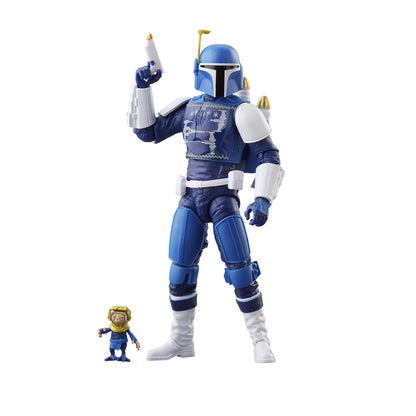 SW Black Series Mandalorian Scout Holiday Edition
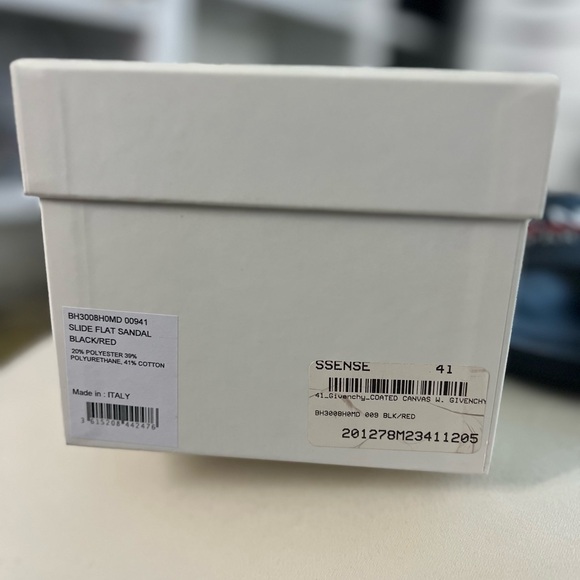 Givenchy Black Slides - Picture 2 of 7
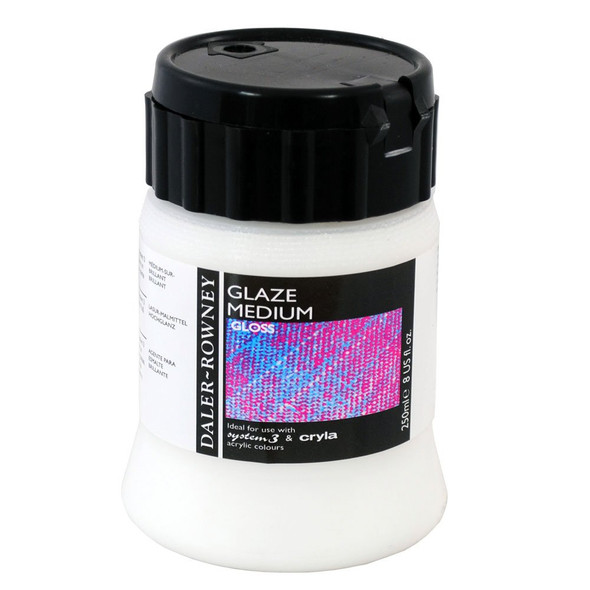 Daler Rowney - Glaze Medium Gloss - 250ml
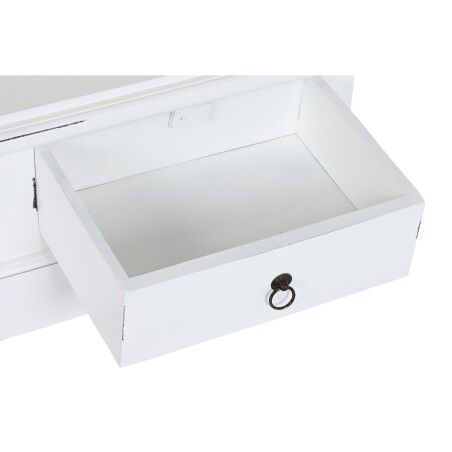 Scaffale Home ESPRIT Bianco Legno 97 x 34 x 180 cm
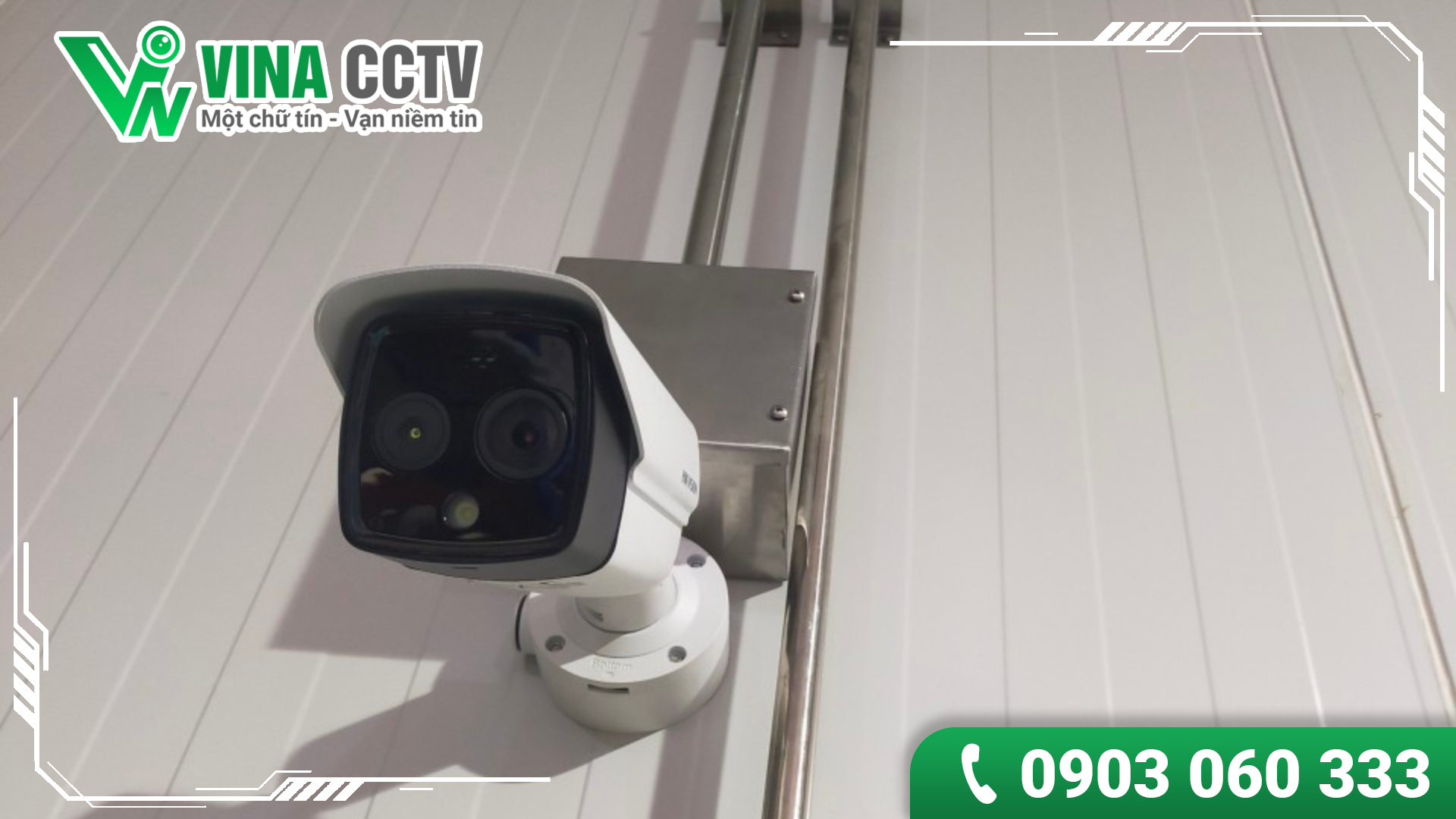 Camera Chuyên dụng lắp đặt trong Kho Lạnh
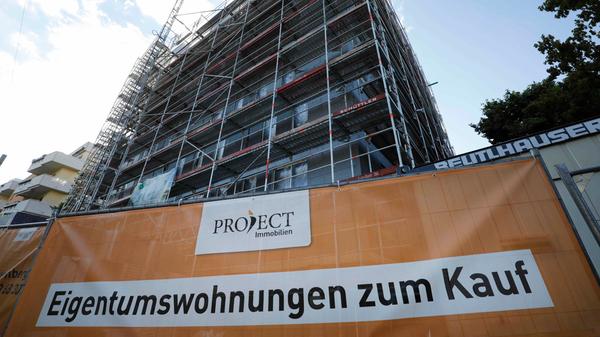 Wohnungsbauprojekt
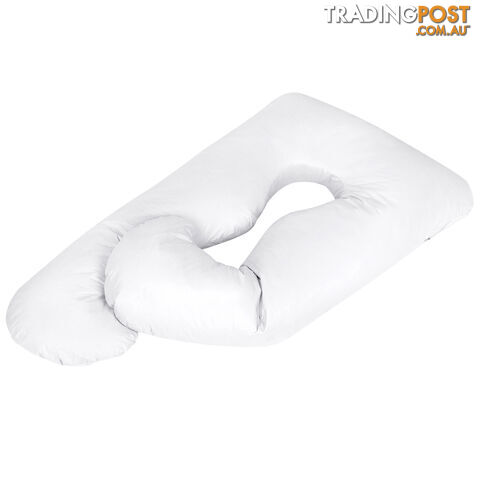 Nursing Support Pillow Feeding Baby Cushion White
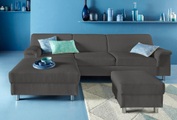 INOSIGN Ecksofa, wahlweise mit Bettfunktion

*-*-*

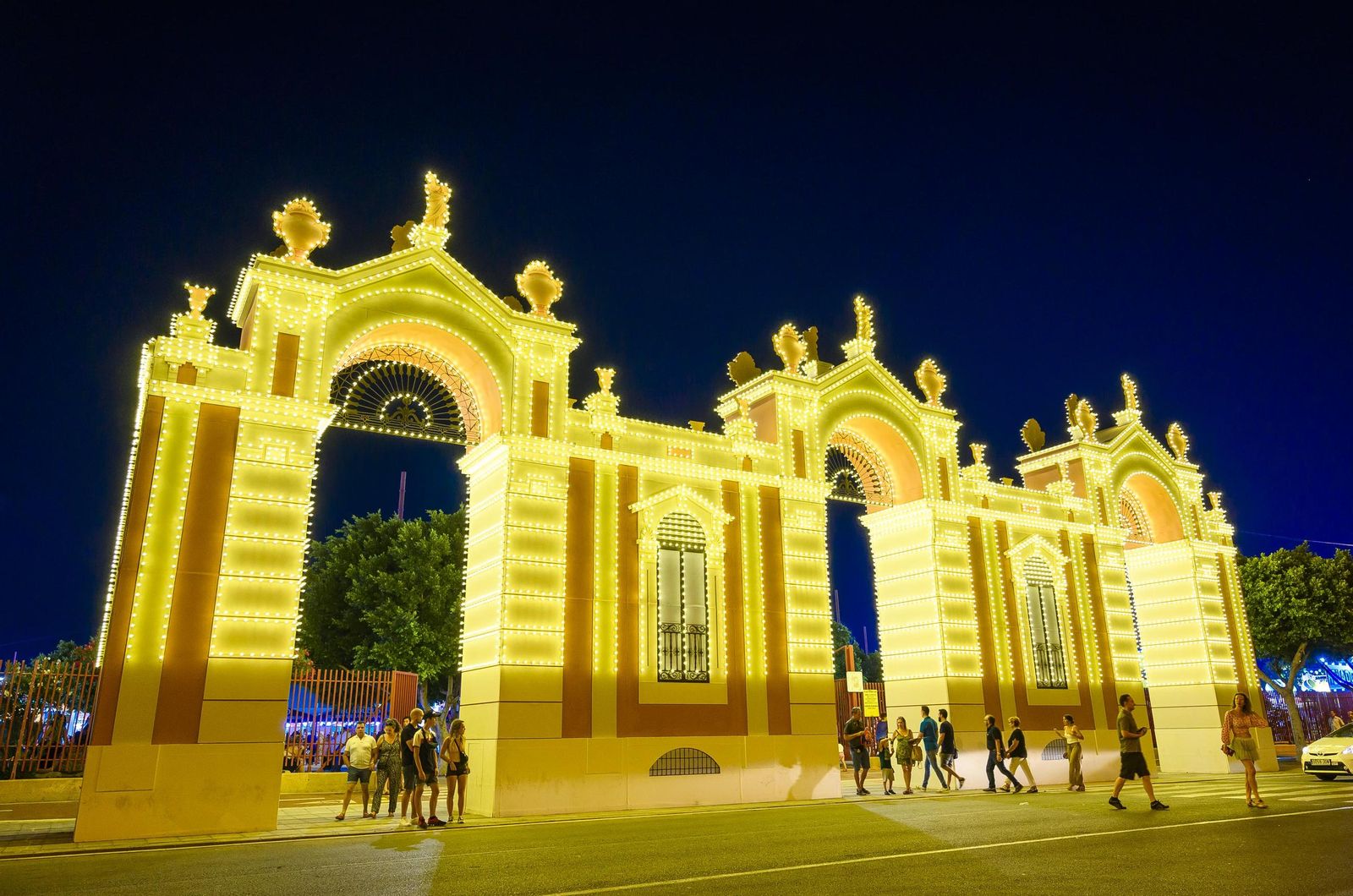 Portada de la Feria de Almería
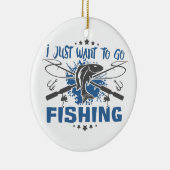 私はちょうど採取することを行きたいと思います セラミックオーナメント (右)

*-*-*

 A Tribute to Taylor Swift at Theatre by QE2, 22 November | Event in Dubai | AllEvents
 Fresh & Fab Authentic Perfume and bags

*-*-*

— About this exercise —
Copy only this from above: the line containing "Wohnungsbauprojekt", the line containing "INOSIGN Ecksofa, wahlweise mit Bettfunktion", and all lines between, printed exactly. Leave out the pictures.

— Worked solution —
 Wohnungsbauprojekt
 Nursing Support Pillow Feeding Baby Cushion White
 INOSIGN Ecksofa, wahlweise mit Bettfunktion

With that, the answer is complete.